Here is a guide I compiled whilst fitting new front brakes to the front of my roadster at the beginning of the year (only just getting round to putting the guide together )
If I have missed anything / made a mistake then please let me know and I will edit this guide.
**** Usual disclaimer about doing it at your own risk and if it all goes wrong, both I / MR2ROC take no liability****
All of the items, neatly packaged, ordered from
First of all, with the car on level ground, make sure the wheels are chocked so that the car can’t roll away when it is jacked up. With the car still on the ground, loosen the 4 wheel nuts very slightly, about half a turn each. put the jack to the correct jacking points and jack it up.
remove the final four nuts and take the wheel off. Place the wheel underneath the car so that if the jack were to fail, the car would land on the wheel and not YOU.

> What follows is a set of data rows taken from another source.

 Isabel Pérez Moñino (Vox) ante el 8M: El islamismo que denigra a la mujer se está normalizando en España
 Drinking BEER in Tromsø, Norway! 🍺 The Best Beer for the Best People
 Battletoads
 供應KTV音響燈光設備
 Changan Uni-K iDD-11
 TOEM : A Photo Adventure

Next, open the bonnet and remove the cap from the brake fluid reservoir.
With the wheel removed; look at the state of my discs.
First up, undo the bolt which holds the brake pipe in place.

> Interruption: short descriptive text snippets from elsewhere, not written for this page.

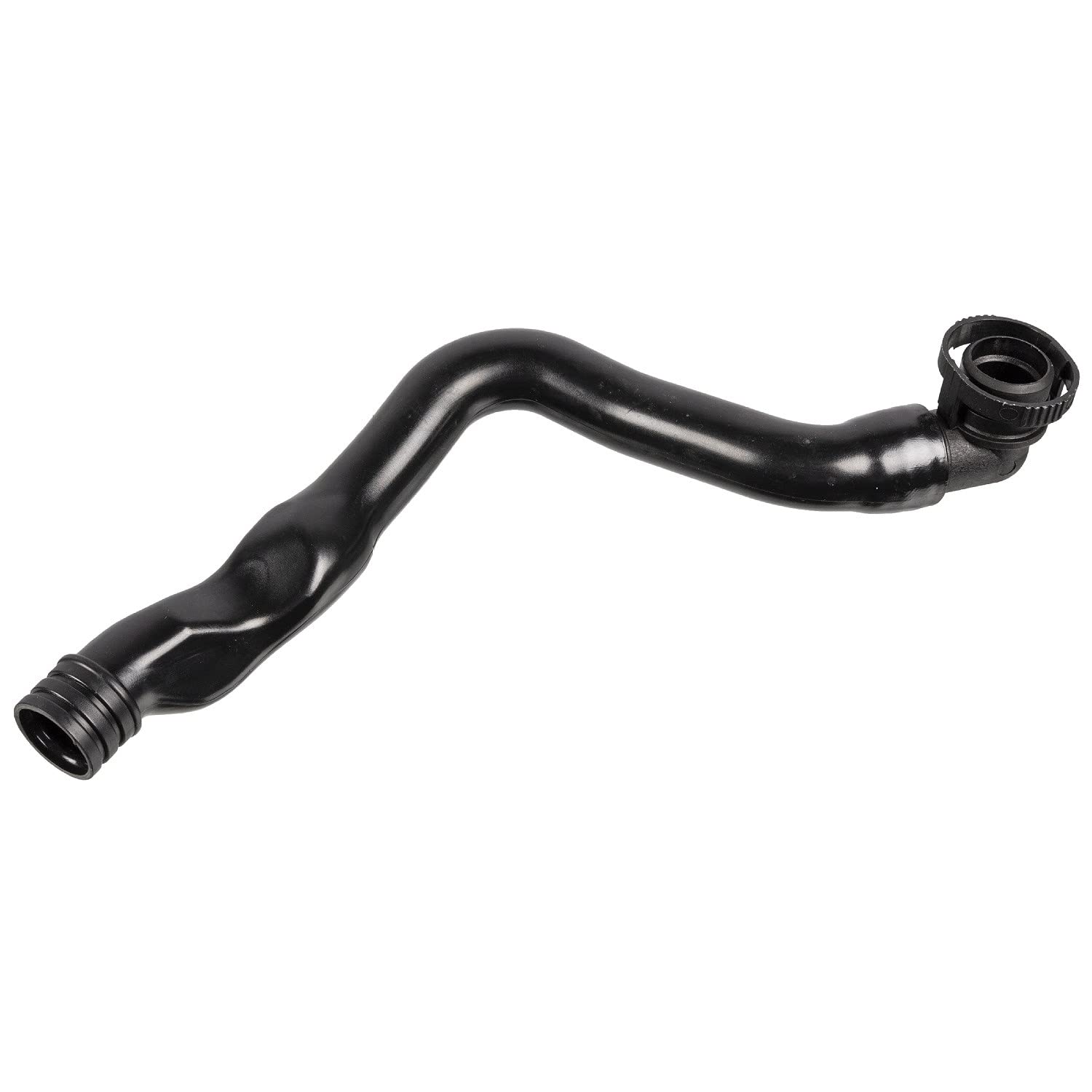 Fits FEBI FE170314 Hose, cylinder head cover ventilation FE170314 febi Bilstein
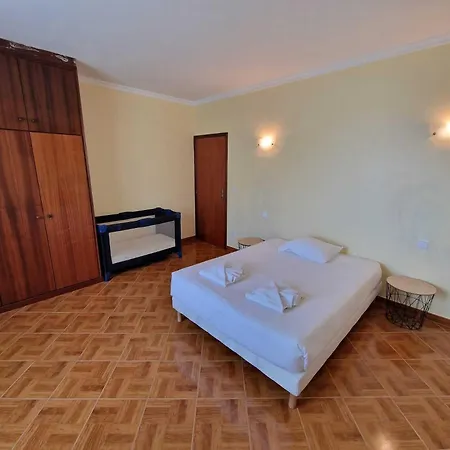 Сasa de vacaciones Pico Ferreira By Mth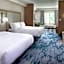 Fairfield by Marriott Inn & Suites Memphis Arlington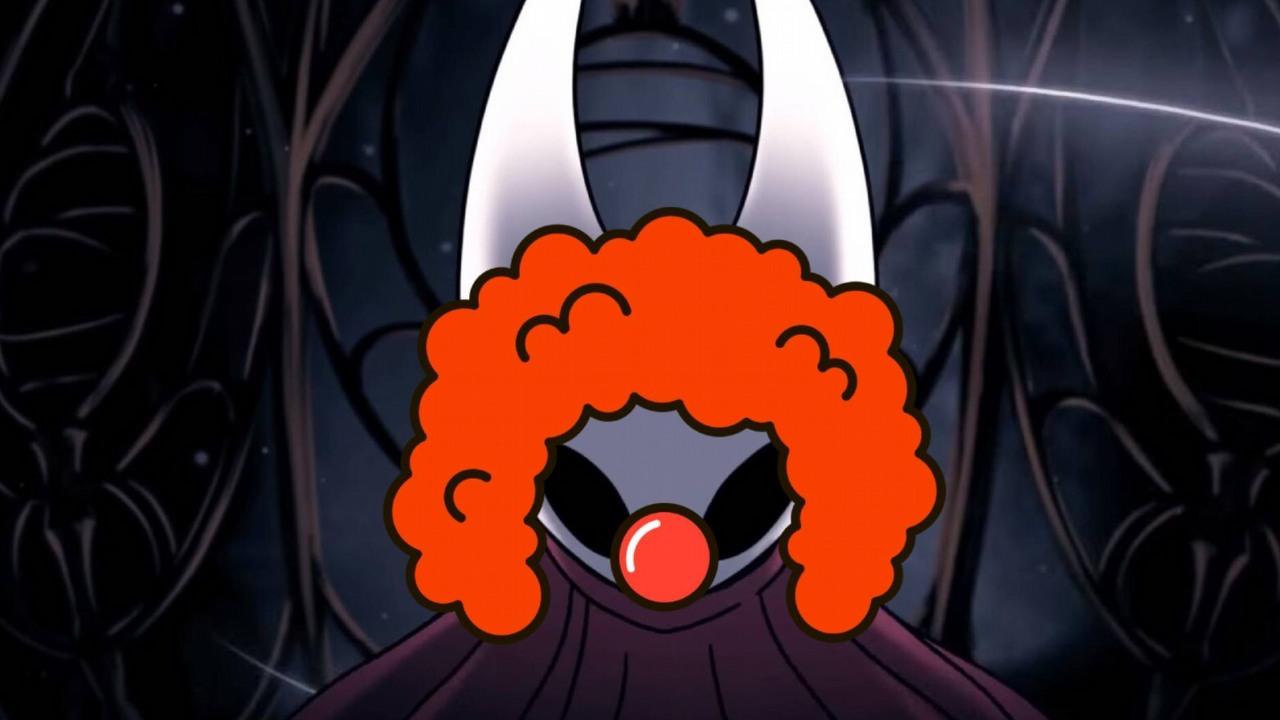 Silksong może trafić na Switcha 2. Dziwny wpis twórcy niezależnego hitu ożywił fanów [Aktualizacja: oświadczenie Team Cherry], źródło grafiki: Team Cherry / Games Radar..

Secondly, undo the top and bottom bolts of the caliper:
This allows you to remove the caliper and sit it out of the road. (NOTE: If you’re only changing the pads, this is as far as you need to go. remove the old pads and replace with new ones. refit all other parts in reverse order to above)

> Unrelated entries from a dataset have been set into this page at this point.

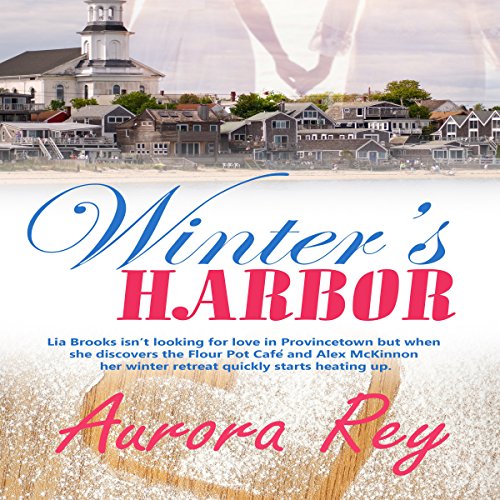 Cover of Winter's Harbor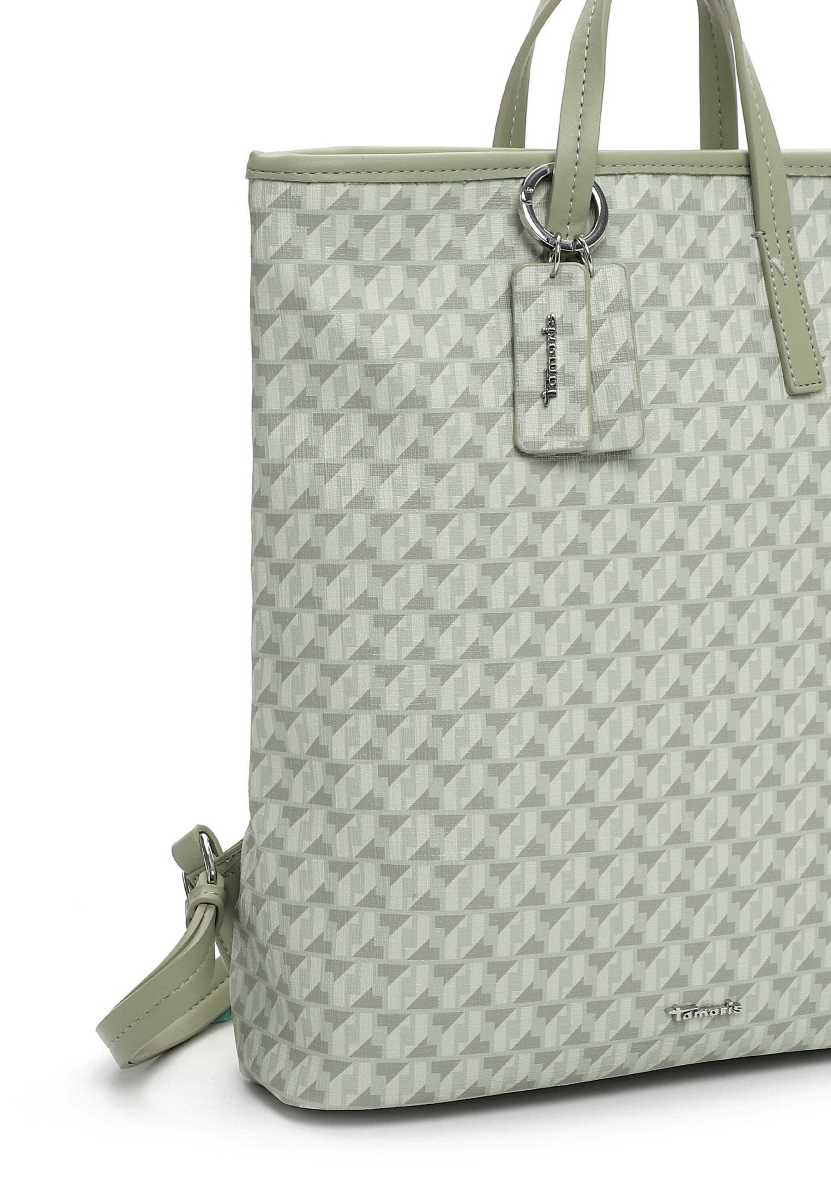 Tamaris Rucksack 33791 Pistachio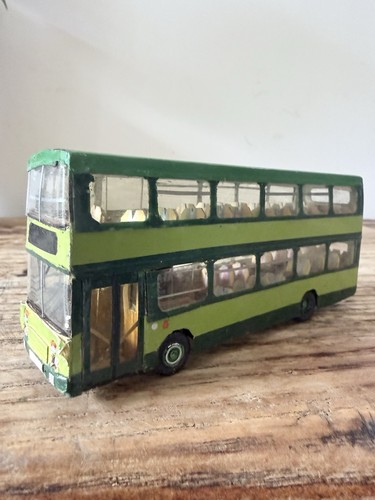 Vintage code scratch built - vintage,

If replacing discs as well, remove the bolts as shown in the picture below:
This allows the removal of the second part of the caliper.
Removing the disk is often a case of simply pulling it off to reveal the hub. If you cannot get the disc off, the 2 small holes are there so that you can insert two screws and tighten so that you are pushing the disc away from the hub, until the disc is removed. The hub should be brushed with a wire brush to remove any dirt / rusty bits and make a good flat mate with the disk.
Further inspection of my old discs revealed excessive wear and “Grooving”
For the new discs, it is important to wipe them down as they will still be slightly contaminated with oil and lubricant from their production. I used white spirits and a rag to clean them.
Next, simply fit the new disc over the hub.
and replace the first part of the caliper as shown below:
A comparison between my old pads and my new ferodo ones. Strangely, the new ones don’t seem to have a groove up the middle. I have to say though my new brakes are a million times better than the previous so I don’t think this is any kind of issue.
Fit the clips onto the brake pads and insert the new pads into the caliper
Carefully apply copper grease to the back of the brake pads. Be sure not to get ANY on the pad / disk surface as this will cause your brakes not to work! Applying copper grease to the back of your pads stops your brakes from squealing
Because the size of your existing brake pads is much thinner than your new ones, you will have to push the pistons back in a little to allow it to fit over the new pads & disk. When doing this, be very careful not to damage the rubber seals of the cylinders. To push it back, I put 2 bits of wood between the piston and the caliper and pulled them apart to push the piston back in.
Fit the caliper back over the brake disk and reinsert the 2 bolts that holds it on.
TADA! Doesn’t that look nice?
Refit the brake pipe clip.
IMPORTANT: Refit the brake reservoir lid!
Now, Refit the wheel and jack the car down. remove the chocks and retighten the wheel. before driving the car, start the engine up and pump the brake pedal several times to get the pressure back up in the system.
when using the car for the next while, take care not to use the brakes too hardly / nor depend on them too much till they are properly worn in.